* WHAT THIS TASK INVOLVES:
Search the data below for "Long"; list each line that holds it.
──────── THE DATA
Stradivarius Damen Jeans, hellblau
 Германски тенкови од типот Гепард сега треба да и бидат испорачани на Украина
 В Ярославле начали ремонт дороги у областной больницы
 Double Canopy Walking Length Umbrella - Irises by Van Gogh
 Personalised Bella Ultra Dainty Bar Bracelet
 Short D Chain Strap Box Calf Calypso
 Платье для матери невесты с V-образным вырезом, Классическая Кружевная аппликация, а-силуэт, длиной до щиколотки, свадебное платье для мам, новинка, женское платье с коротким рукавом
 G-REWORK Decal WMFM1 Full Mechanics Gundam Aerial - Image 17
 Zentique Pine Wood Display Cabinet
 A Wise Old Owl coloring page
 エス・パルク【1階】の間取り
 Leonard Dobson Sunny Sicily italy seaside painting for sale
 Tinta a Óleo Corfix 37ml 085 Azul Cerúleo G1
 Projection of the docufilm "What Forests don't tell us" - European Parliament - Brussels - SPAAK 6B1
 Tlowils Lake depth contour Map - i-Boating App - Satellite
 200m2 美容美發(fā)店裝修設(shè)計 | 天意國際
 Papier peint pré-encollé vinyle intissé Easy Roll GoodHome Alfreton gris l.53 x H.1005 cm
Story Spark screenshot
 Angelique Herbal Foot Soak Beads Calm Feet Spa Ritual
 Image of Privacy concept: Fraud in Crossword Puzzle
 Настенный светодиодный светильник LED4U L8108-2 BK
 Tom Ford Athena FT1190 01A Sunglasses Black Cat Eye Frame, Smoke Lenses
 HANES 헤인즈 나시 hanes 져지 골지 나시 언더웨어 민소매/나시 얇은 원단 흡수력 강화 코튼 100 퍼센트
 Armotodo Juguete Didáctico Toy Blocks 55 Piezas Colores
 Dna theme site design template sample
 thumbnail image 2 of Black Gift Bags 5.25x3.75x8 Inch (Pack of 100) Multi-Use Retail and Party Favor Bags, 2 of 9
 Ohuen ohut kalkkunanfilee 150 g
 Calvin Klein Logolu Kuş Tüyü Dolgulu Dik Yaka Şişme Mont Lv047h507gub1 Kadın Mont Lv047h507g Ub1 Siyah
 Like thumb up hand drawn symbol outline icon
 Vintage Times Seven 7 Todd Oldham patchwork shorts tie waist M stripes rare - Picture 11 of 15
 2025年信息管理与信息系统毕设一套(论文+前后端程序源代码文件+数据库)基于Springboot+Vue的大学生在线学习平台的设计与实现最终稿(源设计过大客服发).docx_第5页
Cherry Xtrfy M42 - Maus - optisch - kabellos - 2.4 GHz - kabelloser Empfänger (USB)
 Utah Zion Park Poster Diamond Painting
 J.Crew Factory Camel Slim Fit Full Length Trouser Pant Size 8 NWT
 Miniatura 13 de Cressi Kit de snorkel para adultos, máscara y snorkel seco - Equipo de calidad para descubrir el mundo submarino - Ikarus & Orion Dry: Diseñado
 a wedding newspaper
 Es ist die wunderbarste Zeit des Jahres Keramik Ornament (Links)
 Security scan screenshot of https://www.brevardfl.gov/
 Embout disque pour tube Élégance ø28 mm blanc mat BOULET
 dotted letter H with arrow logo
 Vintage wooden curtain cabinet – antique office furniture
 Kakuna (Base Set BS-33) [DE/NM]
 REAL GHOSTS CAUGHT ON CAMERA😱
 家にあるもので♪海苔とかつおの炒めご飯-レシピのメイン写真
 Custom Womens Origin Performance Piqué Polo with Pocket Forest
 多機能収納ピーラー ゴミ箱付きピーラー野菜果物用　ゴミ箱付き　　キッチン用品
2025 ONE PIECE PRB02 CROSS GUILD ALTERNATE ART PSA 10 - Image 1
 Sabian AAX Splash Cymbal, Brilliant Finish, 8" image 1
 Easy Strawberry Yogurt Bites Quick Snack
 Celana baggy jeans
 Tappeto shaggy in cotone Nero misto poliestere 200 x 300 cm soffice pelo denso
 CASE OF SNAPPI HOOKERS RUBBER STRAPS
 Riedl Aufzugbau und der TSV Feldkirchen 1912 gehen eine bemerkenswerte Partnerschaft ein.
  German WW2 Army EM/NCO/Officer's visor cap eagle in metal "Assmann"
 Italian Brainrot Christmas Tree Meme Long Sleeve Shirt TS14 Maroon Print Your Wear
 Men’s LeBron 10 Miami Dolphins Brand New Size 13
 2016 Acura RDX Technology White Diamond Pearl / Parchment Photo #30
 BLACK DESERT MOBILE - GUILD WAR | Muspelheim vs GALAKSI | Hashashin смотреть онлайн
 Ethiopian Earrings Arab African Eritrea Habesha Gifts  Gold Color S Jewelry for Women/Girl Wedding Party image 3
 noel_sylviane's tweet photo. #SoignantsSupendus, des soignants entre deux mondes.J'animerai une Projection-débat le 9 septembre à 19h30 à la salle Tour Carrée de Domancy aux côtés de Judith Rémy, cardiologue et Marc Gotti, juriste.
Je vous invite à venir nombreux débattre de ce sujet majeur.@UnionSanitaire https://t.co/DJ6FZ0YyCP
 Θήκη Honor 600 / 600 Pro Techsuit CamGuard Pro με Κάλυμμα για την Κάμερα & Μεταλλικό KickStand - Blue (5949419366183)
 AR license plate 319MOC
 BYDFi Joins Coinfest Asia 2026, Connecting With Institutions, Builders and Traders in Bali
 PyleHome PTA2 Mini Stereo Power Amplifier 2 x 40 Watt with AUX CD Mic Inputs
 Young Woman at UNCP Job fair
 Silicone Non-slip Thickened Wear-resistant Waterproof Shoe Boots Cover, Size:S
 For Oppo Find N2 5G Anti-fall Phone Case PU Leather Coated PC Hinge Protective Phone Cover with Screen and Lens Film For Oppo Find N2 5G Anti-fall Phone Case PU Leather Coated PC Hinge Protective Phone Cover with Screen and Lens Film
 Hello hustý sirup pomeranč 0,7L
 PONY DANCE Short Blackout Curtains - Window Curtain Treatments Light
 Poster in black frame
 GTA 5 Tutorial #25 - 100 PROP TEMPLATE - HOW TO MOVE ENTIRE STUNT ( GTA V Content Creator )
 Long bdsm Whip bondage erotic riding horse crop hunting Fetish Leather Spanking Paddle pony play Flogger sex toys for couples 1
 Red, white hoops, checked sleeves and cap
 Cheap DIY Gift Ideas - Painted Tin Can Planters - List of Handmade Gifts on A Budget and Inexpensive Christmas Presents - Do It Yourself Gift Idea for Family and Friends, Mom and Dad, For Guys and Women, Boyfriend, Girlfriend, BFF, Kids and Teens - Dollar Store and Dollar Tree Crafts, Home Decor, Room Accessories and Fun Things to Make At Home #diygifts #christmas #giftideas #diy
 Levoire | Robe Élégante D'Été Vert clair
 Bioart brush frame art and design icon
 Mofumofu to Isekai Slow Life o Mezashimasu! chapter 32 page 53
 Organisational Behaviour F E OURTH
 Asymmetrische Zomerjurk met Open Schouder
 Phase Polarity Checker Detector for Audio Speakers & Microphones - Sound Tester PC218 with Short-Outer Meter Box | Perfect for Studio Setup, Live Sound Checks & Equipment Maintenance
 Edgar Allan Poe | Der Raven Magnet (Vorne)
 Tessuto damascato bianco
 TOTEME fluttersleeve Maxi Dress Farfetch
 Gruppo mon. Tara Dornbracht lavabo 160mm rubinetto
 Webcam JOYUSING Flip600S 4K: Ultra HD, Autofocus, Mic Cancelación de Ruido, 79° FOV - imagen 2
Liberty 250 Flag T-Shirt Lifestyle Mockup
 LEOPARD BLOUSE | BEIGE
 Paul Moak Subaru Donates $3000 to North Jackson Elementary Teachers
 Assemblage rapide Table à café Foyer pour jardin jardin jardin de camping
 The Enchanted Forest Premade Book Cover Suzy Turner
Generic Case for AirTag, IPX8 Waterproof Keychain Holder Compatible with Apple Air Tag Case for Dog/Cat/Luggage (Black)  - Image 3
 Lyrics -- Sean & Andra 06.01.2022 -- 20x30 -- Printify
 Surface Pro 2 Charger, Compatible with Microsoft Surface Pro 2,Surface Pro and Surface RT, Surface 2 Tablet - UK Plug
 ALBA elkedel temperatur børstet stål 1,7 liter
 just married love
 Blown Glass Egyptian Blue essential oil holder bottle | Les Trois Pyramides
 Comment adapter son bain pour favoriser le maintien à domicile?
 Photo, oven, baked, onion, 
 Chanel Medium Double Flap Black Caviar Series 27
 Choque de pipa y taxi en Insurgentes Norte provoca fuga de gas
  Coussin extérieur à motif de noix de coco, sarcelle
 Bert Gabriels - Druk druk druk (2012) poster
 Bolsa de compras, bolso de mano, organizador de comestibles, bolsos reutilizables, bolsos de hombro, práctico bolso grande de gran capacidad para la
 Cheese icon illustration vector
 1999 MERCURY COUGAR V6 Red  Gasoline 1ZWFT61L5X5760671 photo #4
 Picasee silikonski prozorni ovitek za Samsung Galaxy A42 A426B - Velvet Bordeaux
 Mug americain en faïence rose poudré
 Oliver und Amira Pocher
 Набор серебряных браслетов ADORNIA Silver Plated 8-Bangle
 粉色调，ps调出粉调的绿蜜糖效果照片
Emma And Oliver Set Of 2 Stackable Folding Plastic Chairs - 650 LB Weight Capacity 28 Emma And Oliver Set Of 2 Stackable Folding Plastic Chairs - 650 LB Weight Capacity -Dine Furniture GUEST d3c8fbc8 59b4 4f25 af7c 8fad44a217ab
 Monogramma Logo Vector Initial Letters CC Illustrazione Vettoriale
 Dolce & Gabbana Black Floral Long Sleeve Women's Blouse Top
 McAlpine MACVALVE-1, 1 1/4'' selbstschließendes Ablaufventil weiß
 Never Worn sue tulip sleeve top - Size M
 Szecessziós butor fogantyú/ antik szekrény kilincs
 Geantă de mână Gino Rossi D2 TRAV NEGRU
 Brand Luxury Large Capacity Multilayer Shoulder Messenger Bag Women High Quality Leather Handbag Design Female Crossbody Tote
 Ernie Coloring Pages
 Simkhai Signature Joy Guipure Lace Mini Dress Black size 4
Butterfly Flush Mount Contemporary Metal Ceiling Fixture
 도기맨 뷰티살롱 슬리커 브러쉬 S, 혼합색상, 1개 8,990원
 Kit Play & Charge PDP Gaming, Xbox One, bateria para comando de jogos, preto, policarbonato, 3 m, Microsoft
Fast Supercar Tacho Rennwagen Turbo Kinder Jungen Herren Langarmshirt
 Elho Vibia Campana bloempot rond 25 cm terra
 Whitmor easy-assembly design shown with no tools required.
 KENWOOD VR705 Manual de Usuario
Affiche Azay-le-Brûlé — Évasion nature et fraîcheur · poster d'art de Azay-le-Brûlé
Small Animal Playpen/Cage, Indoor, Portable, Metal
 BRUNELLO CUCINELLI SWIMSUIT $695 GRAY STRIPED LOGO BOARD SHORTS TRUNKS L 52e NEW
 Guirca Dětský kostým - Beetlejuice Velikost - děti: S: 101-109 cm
────────────────
* ANSWER:
 Italian Brainrot Christmas Tree Meme Long Sleeve Shirt TS14 Maroon Print Your Wear
 Long bdsm Whip bondage erotic riding horse crop hunting Fetish Leather Spanking Paddle pony play Flogger sex toys for couples 1
 Dolce & Gabbana Black Floral Long Sleeve Women's Blouse Top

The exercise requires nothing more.